We ran some selected queries in both Raw sql and NHibernate ORM. Then we compare the execution time of both of these. And By this way we will show which one is better in what cases.
Working Procedure
-
Download the Dataset: We downloaded the XML file of the dataset of "Stack Exchange".
-
Designing Schema: Then we design the schema for this dataset. After that we create the corresponding table for the database in ORACLE database management system.
Here is the schema-
-
Inserting Data: We inserted the whole dataset in our database.We have imported 20.4 gb data in our database. The current state of total records of our database -
Community: 301 User: 3123793 Posts: 4046670 Tags: 85830 Badges: 5665372 PostLinkS: 473431 Comments: 6821944 PostHistory: 11837446 Votes: 19628868
-
Writing Queries: We tried to write queries such that these can cover all the basic feature of DBMS as simple query with small query time comparison between ORM and RAW SQL may not be authentic. THese queries are:
a) Which questions have score(upvote - downvotes) but have not been answered yet
select postId , Score, ViewCount, AcceptedAnswerId from Posts where Score > 0 and ViewCount > 0 and ParentId is null and AcceptedAnswerId is null order by ViewCount asc;
b) Show the postlink counts of a global user sorted by total count
select u.accountId , count(*) PostlinkCount from Users u, Posts p , PostLinks pl where p.postId=pl.postId and p.ownerUserId= u.userId group by u.accountId ORDER BY PostlinkCount DESC
c) Sort the user according to their most post body edits [ who are the worst post writers.

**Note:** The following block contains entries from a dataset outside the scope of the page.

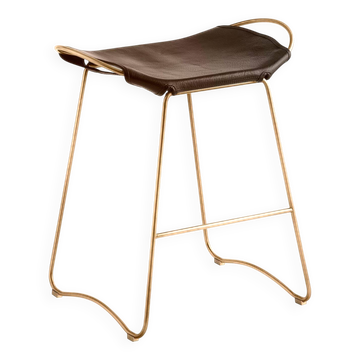 Contemporary kitchen stool in aged brass and dark brown leather.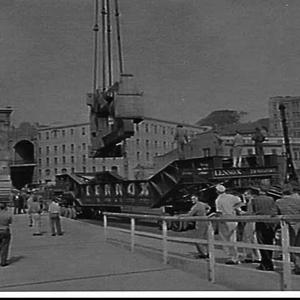 120 ton steel casting being loaded onto a Lennox transport 106 wheel road trailer truck by a Titan crane at Walsh Bay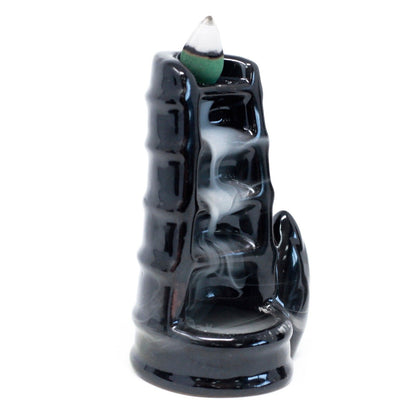 Black incense burner with smoke on a white background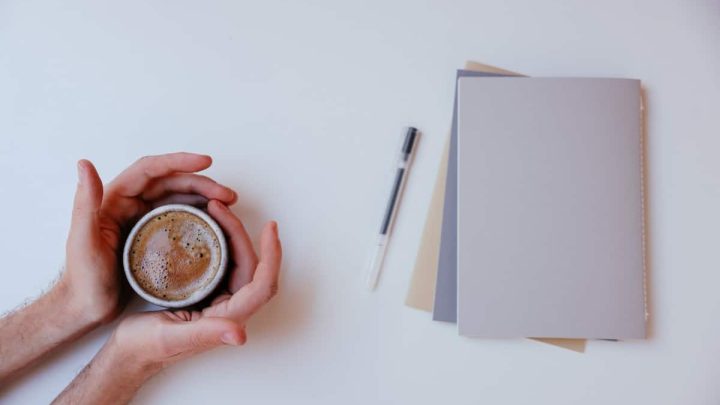 A man wraps his palms around a cup of coffee with a few papers and a pen kept at a distance from him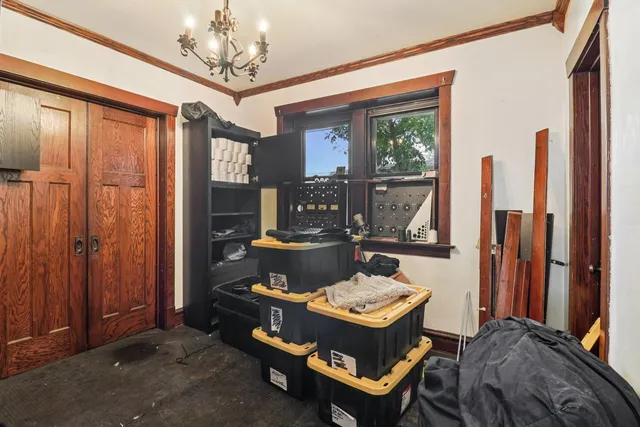 a living room with furniture a chandelier and a window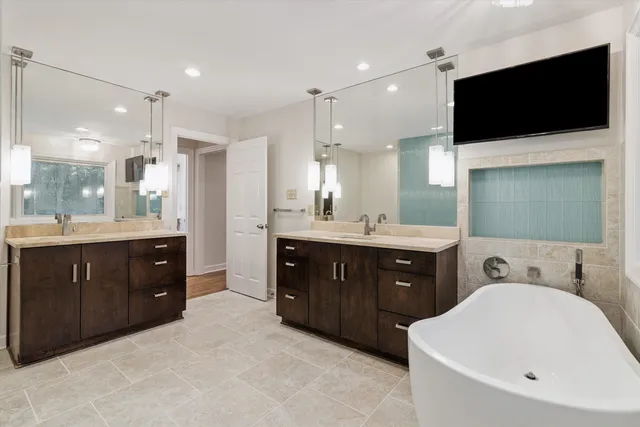 a spacious bathroom with a double vanity sink a mirror and a bathtub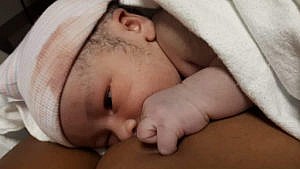 A close up of a newborn baby lying on his mother's chest covered in a blanket for a story on delivering as a Black woman with a Black nurse
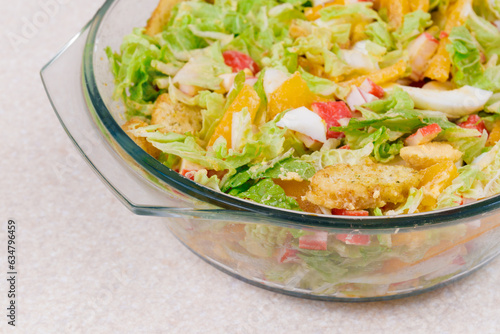 Salad with crab sticks, tomatoes, napa cabbage, eggs, lettuce and croutons in glass bowl. 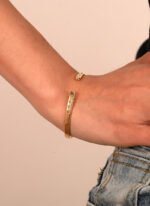 French Minimalist Gold Cuff featuring an open high‑polish 14K gold‑plated copper bracelet with a micro‑pavé zircon accent from junejewelry.com—factory price, free shipping.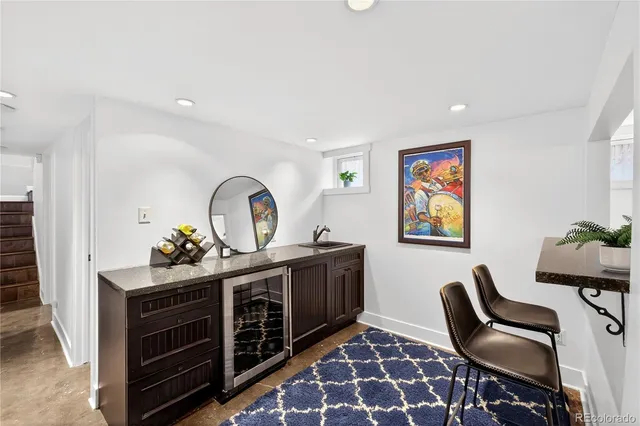 a view of a workspace with furniture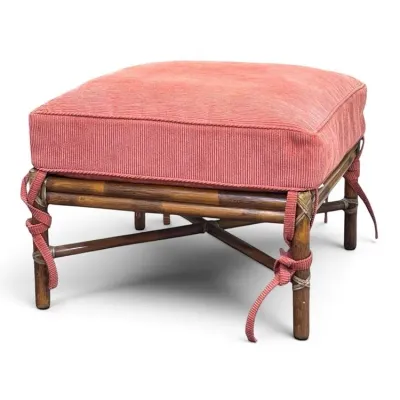 Sale Photo Thumbnail #94: Vintage bamboo and rattan ottoman featuring a removable coral pink corduroy cushion with tie-down straps.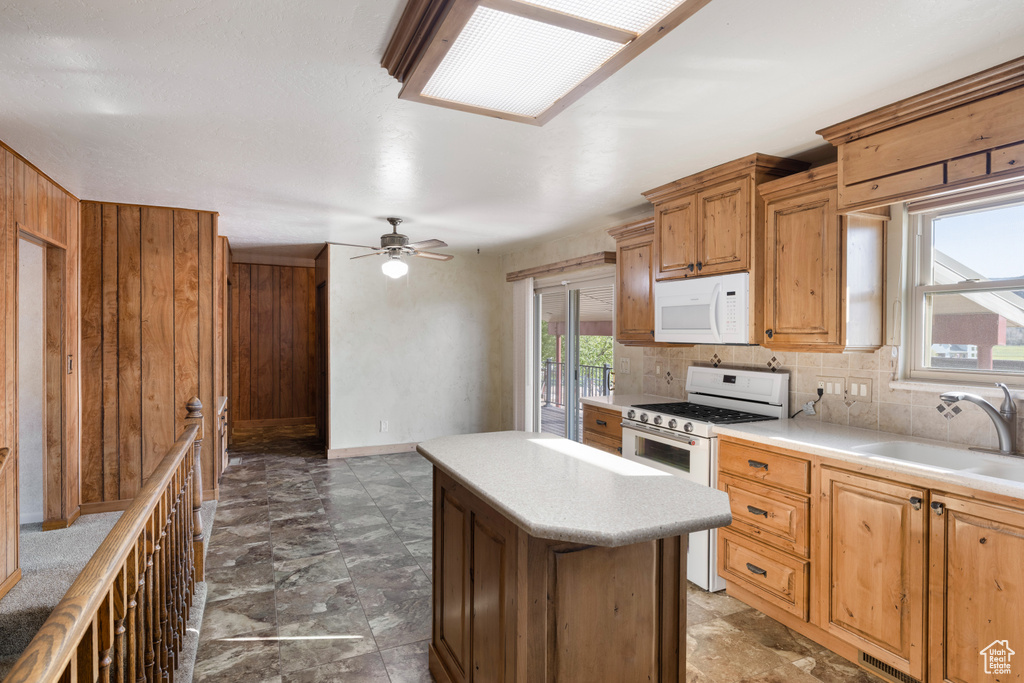 Kitchen with white appliances, a sink, wooden walls, light countertops, and ceiling fan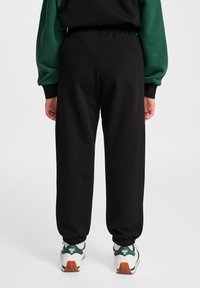 Czarne dresy z elastycznym pasem i rękawami, wykonane z miękkiego materiału. Noszone z białymi i zielonymi trampkami z teksturowaną podeszwą.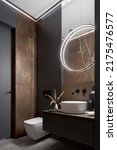 Small photo of Modern and elegant bathroom with toilet, small washbasin and rusty wall tiles and round, led lamp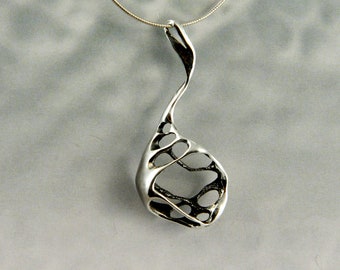Può includere: Una collana con un ciondolo in argento dal design astratto unico. Il ciondolo ha la forma di una lacrima con un motivo traforato.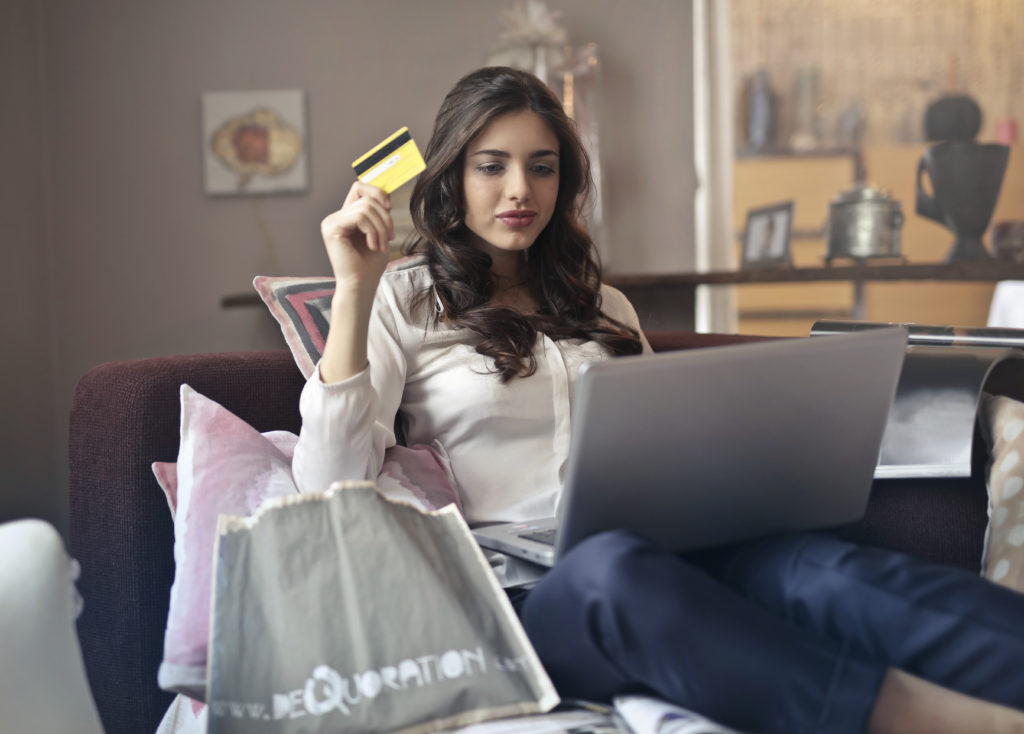 A woman on her couch holding a yellow credit card buying something on her laptop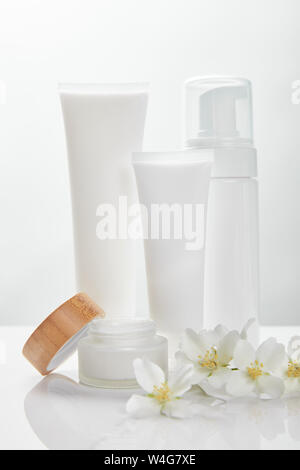 Fleurs de jasmin sur surface blanche près de la crème dans les tubes, jar et distributeur de cosmétiques Banque D'Images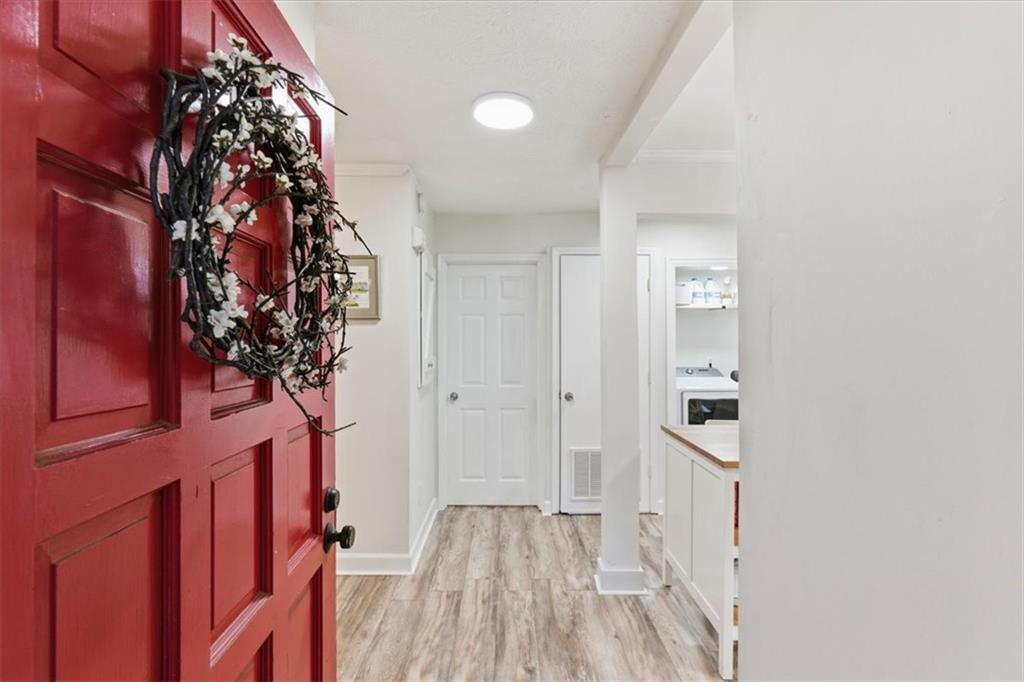 2907 Ironwood Road Southeast Marietta, GA 30067 - Photo 5 of 41 a view of entryway with a flower pot and wooden floor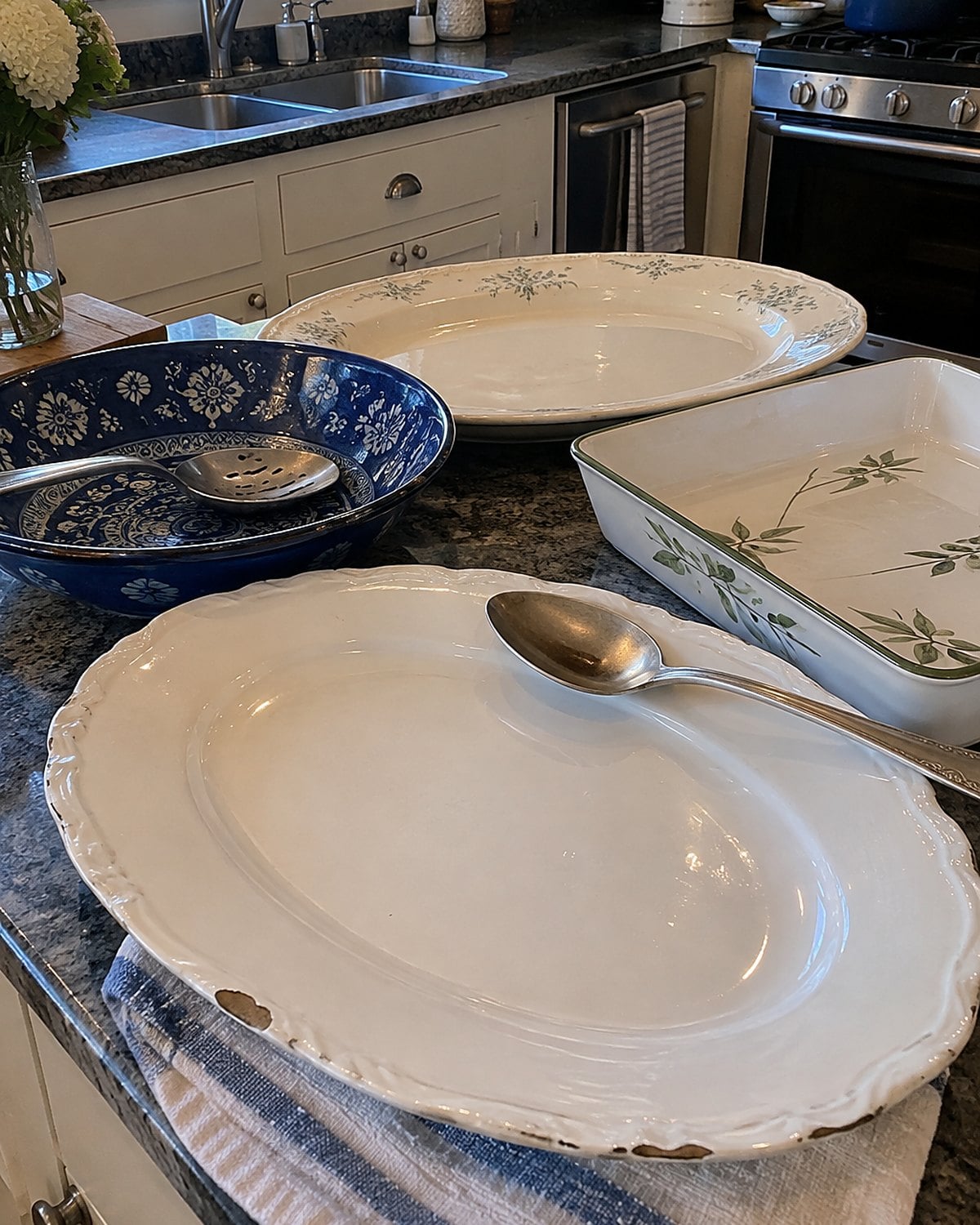 Empty serving platters sit on a side counter beside mismatched serving spoons.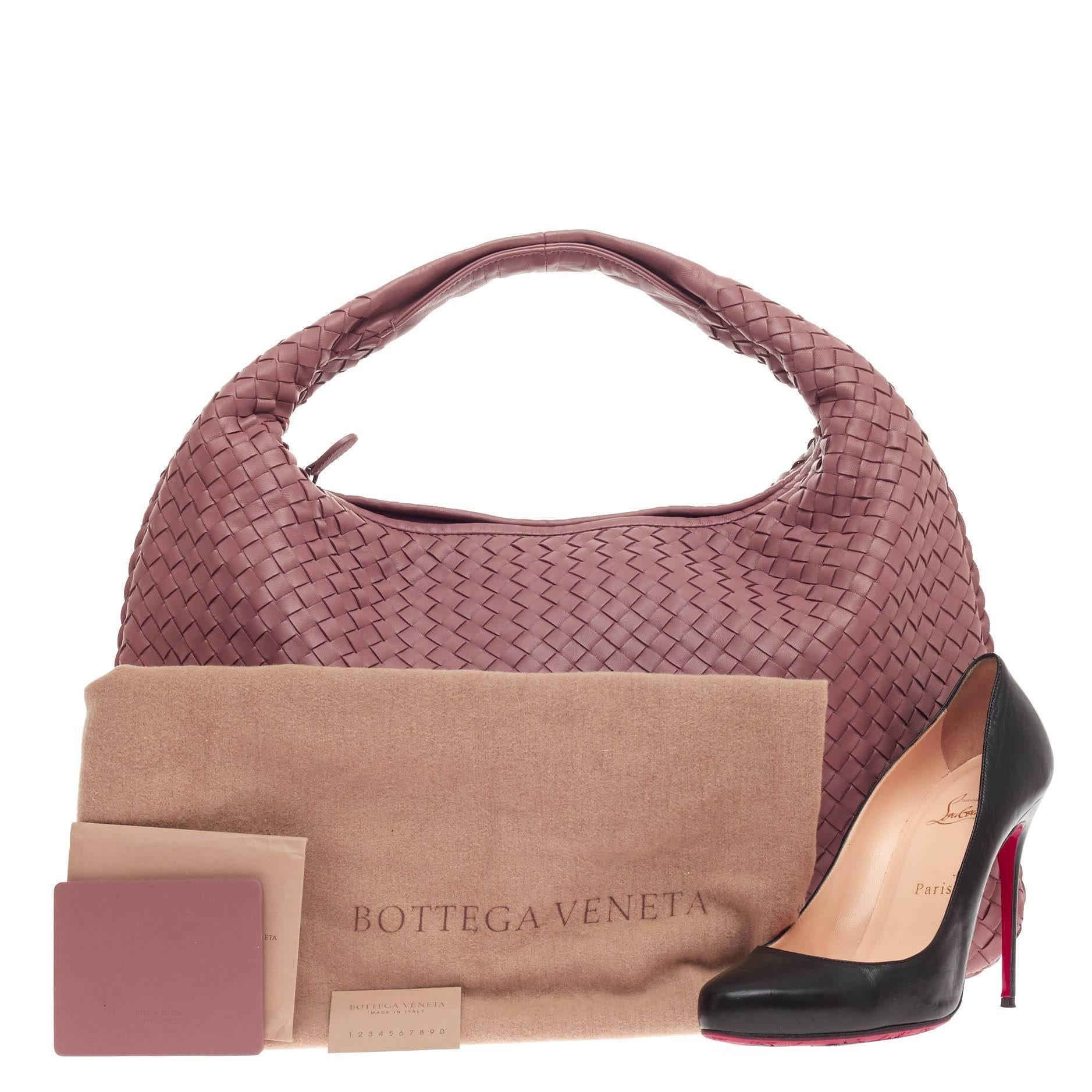 This authentic Bottega Veneta Veneta Hobo Intrecciato Nappa Large is a timelessly elegant bag with a casual silhouette. Crafted from pink mauve nappa leather woven in Bottega Veneta's signature intrecciato method, this versatile, highly-crafted hobo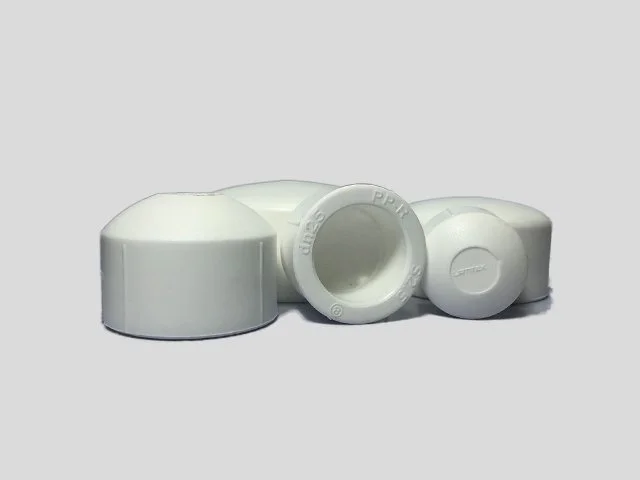 White PVC pipe fittings, including elbows and couplings, arranged on a plain surface.
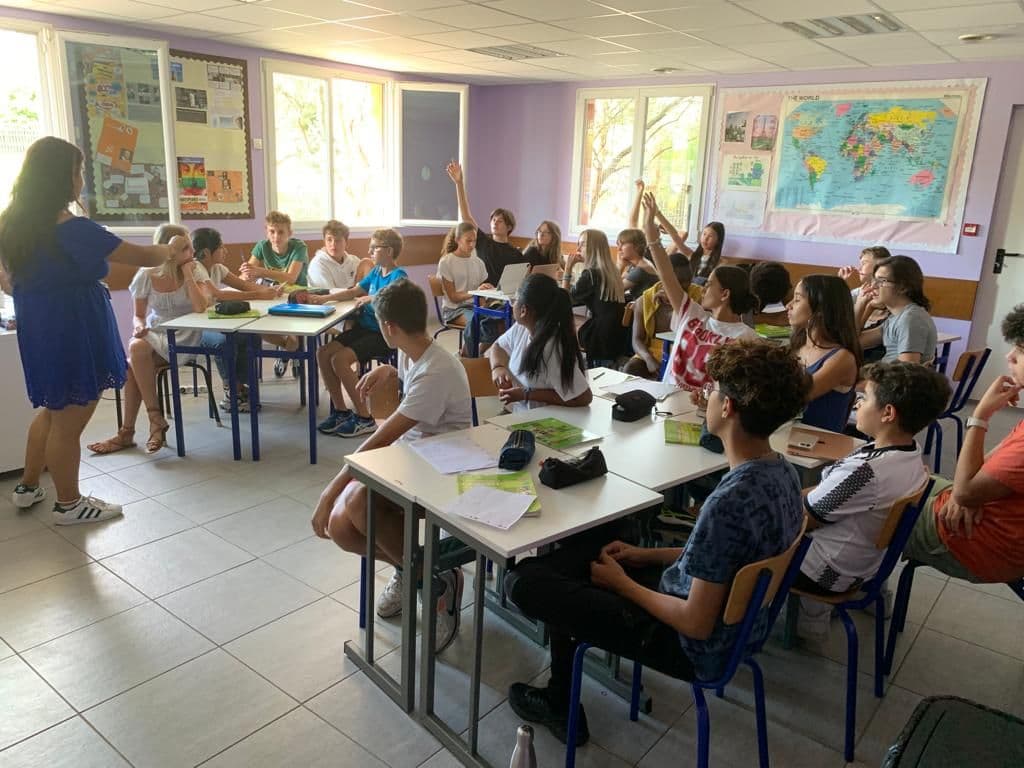In class, middle school pupils raise their hands to ask questions.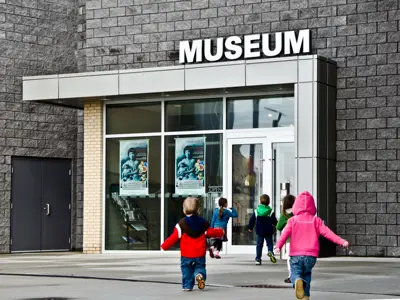 two children running into the Museum entrance 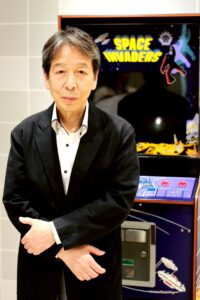 Tomohiro Nishikado posing next to a Space Invaders arcade cabinet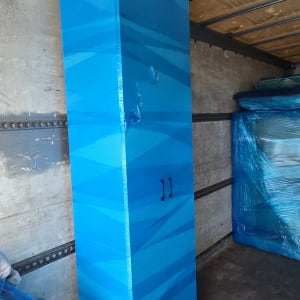 ארון כחול עטוף בניילון בתוך משאית הובלה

Select g.accountId, g.displayname, count(ph.postHistoryId) as cnt From Users u, Posts p , PostHistory ph , Gloubalusers g where u.userId = p.ownerUserId and p.postId=ph.postId and ph.postHistoryTypeId = 5 and u.accountId = g.accountId group by g.accountId order by cnt DESC
d) Find out the persons in sorted list who have earned the most badges in a specific community between two given date.
Select u.accountId , count(b.badgesId) as cnt From Users u, Badges b where u.userId = b.userId and u.communityId = 1 and b.badgesdate between '01-jan-2015' and '01-jun-2017’ group by u.accountId order by cnt DESC
e) Find out tags in sorted list whose questions have earned most upvotes.
select t.tagname,count(c.commentid) cnt FROM Tags t, PostTages pt, Posts p, comments c WHERE t.tagid=pt.tagid and pt.postid=p.postid and p.postid= c.postid GROUP BY t.tagname order by cnt DESC
f) Find out tags in sorted list whose questions have most comments on them.
select t.tagname,COUNT(*) AS UpVotes FROM Tags t, PostTages pt, Posts p, Votes v WHERE t.tagid=pt.tagid and pt.postid=p.ParentId and v.PostId = p.PostId and v.VoteTypeId = 2 GROUP BY t.tagname order by UpVotes DESC
-
Writing code for ORM: we wrote code for ORM for those 6 queries.
Raw Query Time
Query 1
76.339
Query 2
76.307
Query 3
222.275
Query 4
4.921
Query 5
40.507
Query 6
118.443
Nhibernate Query Time
Query 1
78.5227
Query 2
89.514
Query 3
235.626
Query 4
4.993
Query 5
42.813
Query 6
125.8699
Conclusion
Raw SQL performed better than NHibernate ORM and it also became evident that NHibernate ORM is less suitable for the large applications with a huge amount of data and where many requests to the database at a time is involved as it created ORM object for each request and consumed more memory and increased the CPU usage rather than executing the queries. On the other hand ORM provides benefits and advantages that one simply cannot miss, it can enhance maintainability, portability and productivity of the application.